French intelligence foils prisoner terrorist plot
Three French men who met in prison have been indicted for planning a terrorist attack on potential targets including prison guards, institutional sites or passers-by.
The French daily Le Parisien reported that a former soldier, a convert to Islam and a jihadist “returnee” were indicted on 26 July – the same week they allegedly intended to carry out the attack.
Two of the men were in prison, while the third had been released earlier this year. Sources close to the case say the attack was to be carried out upon the release of another of the suspects.
Investigators reportedly seized “small arms” from the men, aged 27, 31 and 42, and who deny the allegations of a terror plot.

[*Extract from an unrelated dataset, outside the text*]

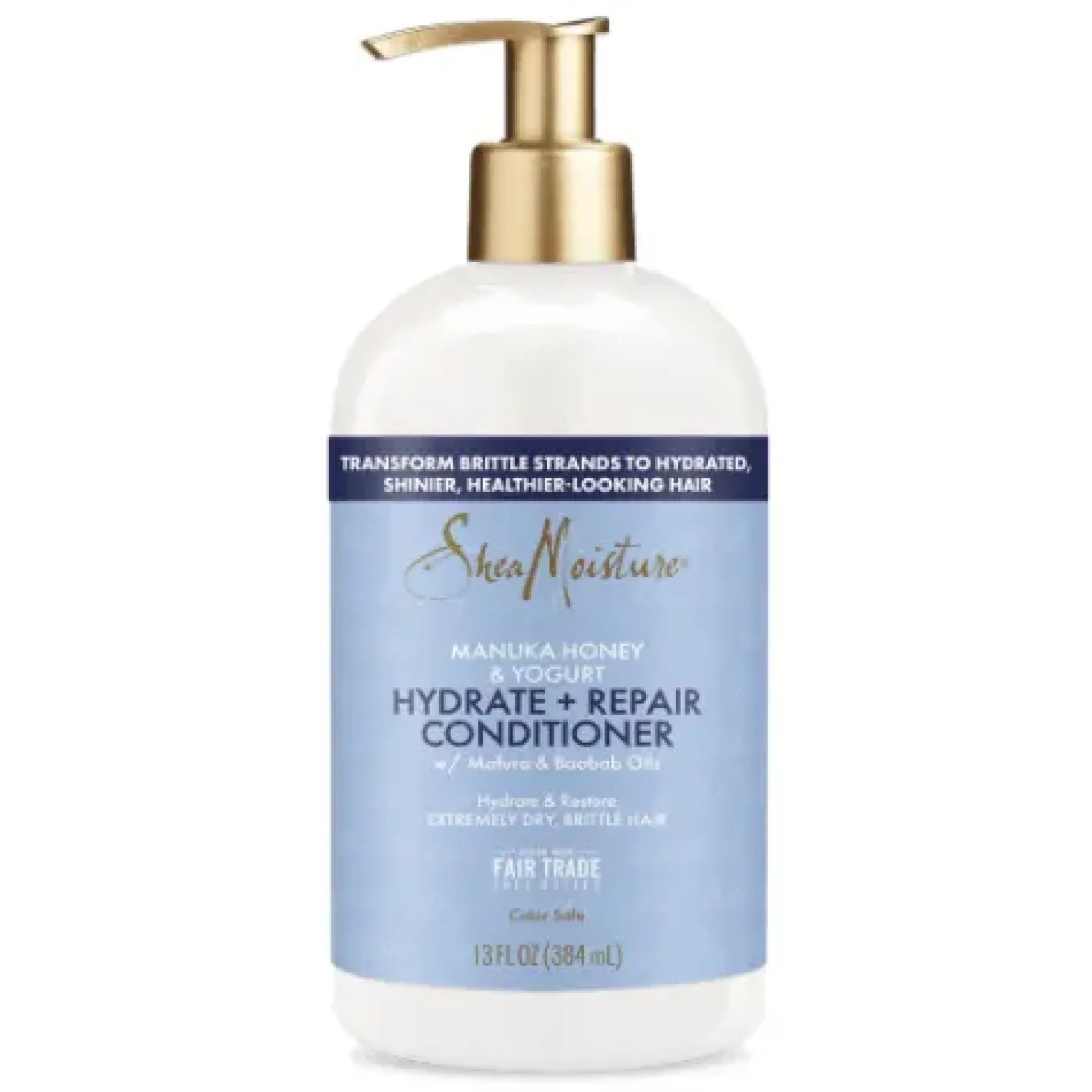 Discount Manuka Honey & Yoghurt Hydrate & Repair Conditioner Hair Growth|11 Schritte Haarpflege Routine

One of the men was being held in prison in Châteaudun, in the northern Eure-et-Loir department, and the other in a prison in Saint-Maur, in central France.

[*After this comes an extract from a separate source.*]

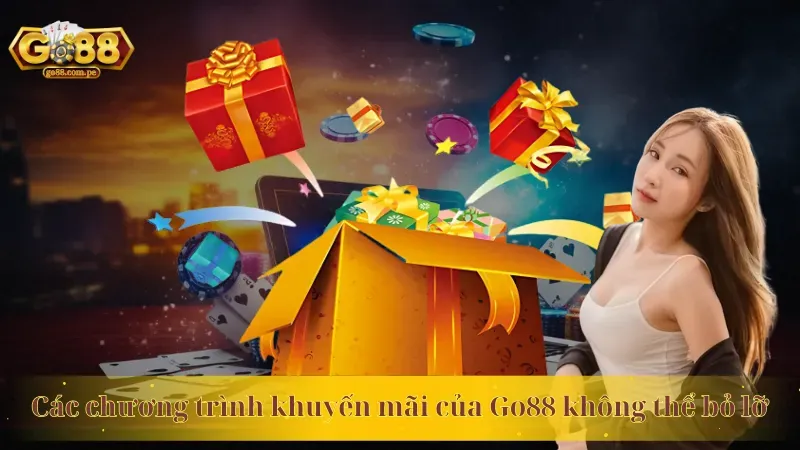 Đánh giá tính năng Daga68 App iOS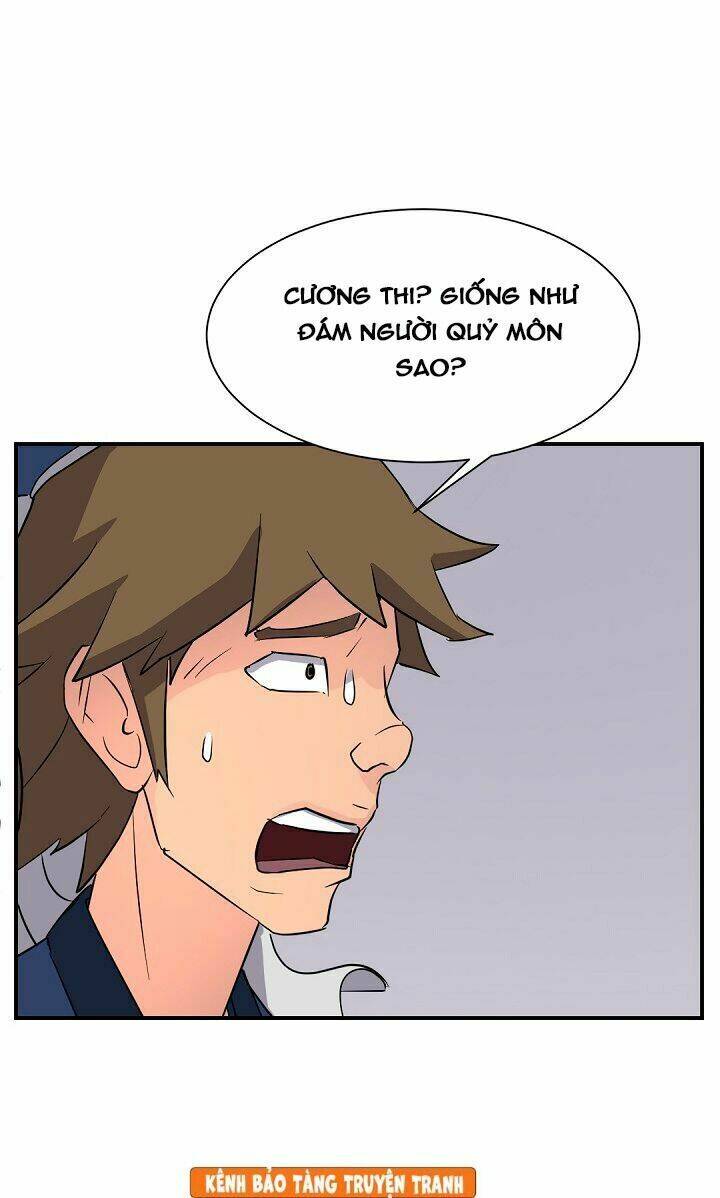 trọng sinh, bất khả chiến bại chapter 78 59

“We were not on a particularly high level of risk,” said Interior Minister Christophe Castaner. “Our intelligence has worked well.”

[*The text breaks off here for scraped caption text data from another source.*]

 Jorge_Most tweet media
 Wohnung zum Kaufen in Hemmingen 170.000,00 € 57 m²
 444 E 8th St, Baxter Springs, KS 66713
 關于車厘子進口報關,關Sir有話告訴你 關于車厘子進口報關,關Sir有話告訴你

According to Le Parisien, the mastermind of the planned attack was the 27-year-old, a convert to Islam who had already been convicted of “apologising for terrorism”.
The released man had been sentenced in relation to a six-month trip to Syria in 2014, where he was part of the Syrian branch of al-Qaeda.
The third accomplice was a former soldier who had been converted to Islam and radicalised.
In recent months, two assaults on prison guards have taken place: one in Le Havre by a prisoner convicted of terrorism, and another in Condé-sur-Sarthe, by a radicalised prisoner.
Of some 71,000 prisoners in France, about 500 are incarcerated for acts of Islamic terrorism and about 1,100 common law prisoners are suspected to have been radicalised.